Michael Williams. Deforesting the Earth: From Prehistory to Global Crisis, An Abridgment. Chicago: University of Chicago Press, 2006. xviii + 543 pp. $25.00 (paper), ISBN 978-0-226-89947-3.
Reviewed by Iftekhar Iqbal (Department of History, University of Dhaka, Bangladesh)
Published on H-Environment (January, 2008)
Global Deforestation: Historical Roots and Dynamics of the Crisis
Michael Williams's Deforesting the Earth is a majestic work both in depth and dimension. Divided into three chronological parts, it puts together the history of world deforestation in the last seven millennia with fitting illustrations, maps, and graphs, plus twenty-three pages of bibliographic notes and essay. A recurrent theme of the book relates to causation and agency. In part 1, which covers developments from the post-ice age until the end of the medieval world, Williams persistently criticizes the constructivist argument that human actions largely did not affect the pre-industrial forest.

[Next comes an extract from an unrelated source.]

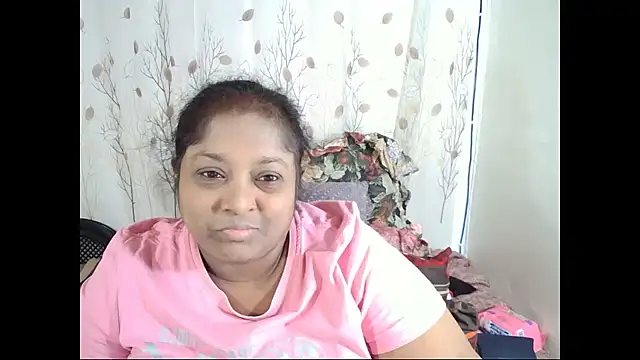 Snapshot of Indiantasha chatting on 09/09/25, 04:17 Indiantasha online show from 09/09/25, 04:17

Williams traces the causes of deforestation to the use of fire, mobility of foragers, and extension of cultivation by primitive farmers. Contesting the notion of the prehistoric pristine state of nature, through the example of fire, Williams claims that Pleistocene "overkill" was more likely to have been Pleistocene "overburn" (p. 21). Postpredation agricultural production was combined with cultivators' tendency to use axe technology and to cultivate in rain-fed forests, such as on the highland of Mexico and among the Maya, resulting in significant deforestation. In the classical world, Williams argues, Greek expansion to the eastern Mediterranean and Roman expansion westward led to remarkable deforestation; the consequent soil degradation was a major factor in the decline of the classical world. For the medieval period during which a "chain from theology to manuring" existed, in contradiction to the notion of ascetic indifference to material progress, Williams documents the ways in which remarkable increases in population, medieval technology of plows and horsepower, cottage industry, shipbuilding, and crusades led to large-scale deforestation. Williams is equally concerned about developments in the non-European world, although to a limited extent, such as China where demographic pressure more than anything else led to deforestation.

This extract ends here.